In tutto questo l’informazione svolge un ruolo determinante, veicolando e perpetuando giudizi e atteggiamenti. Anche se sempre meno, in Giappone i media tradizionali hanno ancora un peso nell’indirizzare l’opinione pubblica, e negli ultimi giorni hanno dato esempio della loro inadeguatezza nel riportare i casi di violenza sessuale, in particolare quando c’è il potere di mezzo.

Nelle ultime settimane il mondo dell’intrattenimento è stato sconvolto da un caso di violenza nei confronti di una giovane donna da parte di Masahiro Nakai, conduttore di punta di uno dei più grandi network televisivi giapponesi, la Fuji Tv. La vicenda, che risale al 2023 ed è stata rivelata a dicembre da un settimanale, ha generato un effetto domino che ha portato non solo al pensionamento anticipato di Nakai e al ritiro di decine di sponsor dalla Fuji Tv, ma anche alle scuse pubbliche e alle dimissioni dei vertici della rete tv, colpevoli di aver coperto la vicenda.

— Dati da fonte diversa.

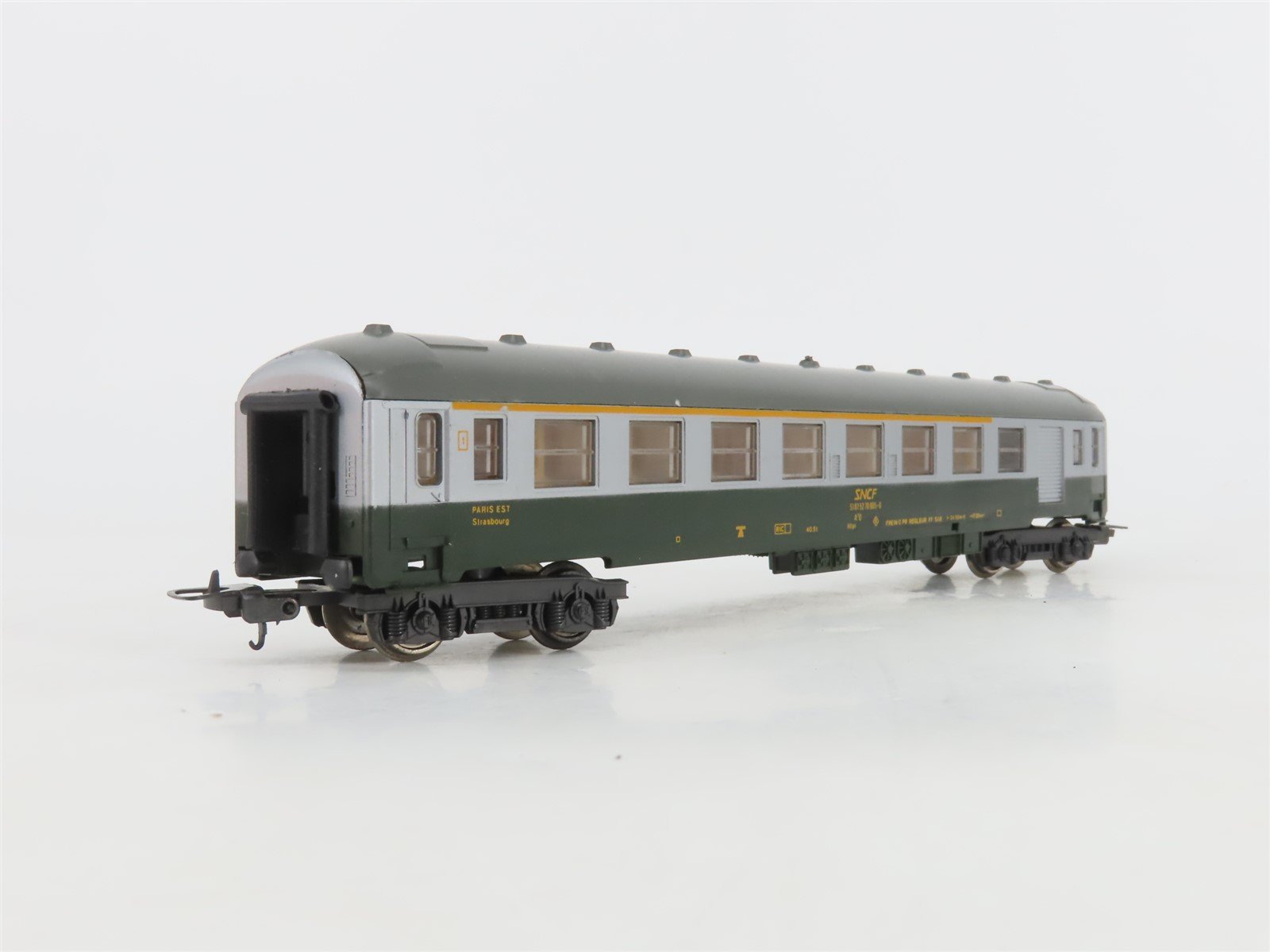 HO Scale Lima 9312 SNCF French Railway 1st Class Passenger Car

Come sottolinea Ito, intervistata dal Japan Times, anche se qualcosa è cambiato negli ultimi dieci anni, i mezzi d’informazione non sono ancora in grado di trattare i casi di violenza sessuale in modo appropriato. La maggior parte, a proposito del caso Nakai, ha parlato genericamente di “problema”, lasciando spazio a varie interpretazioni anche sul ruolo della donna nella vicenda.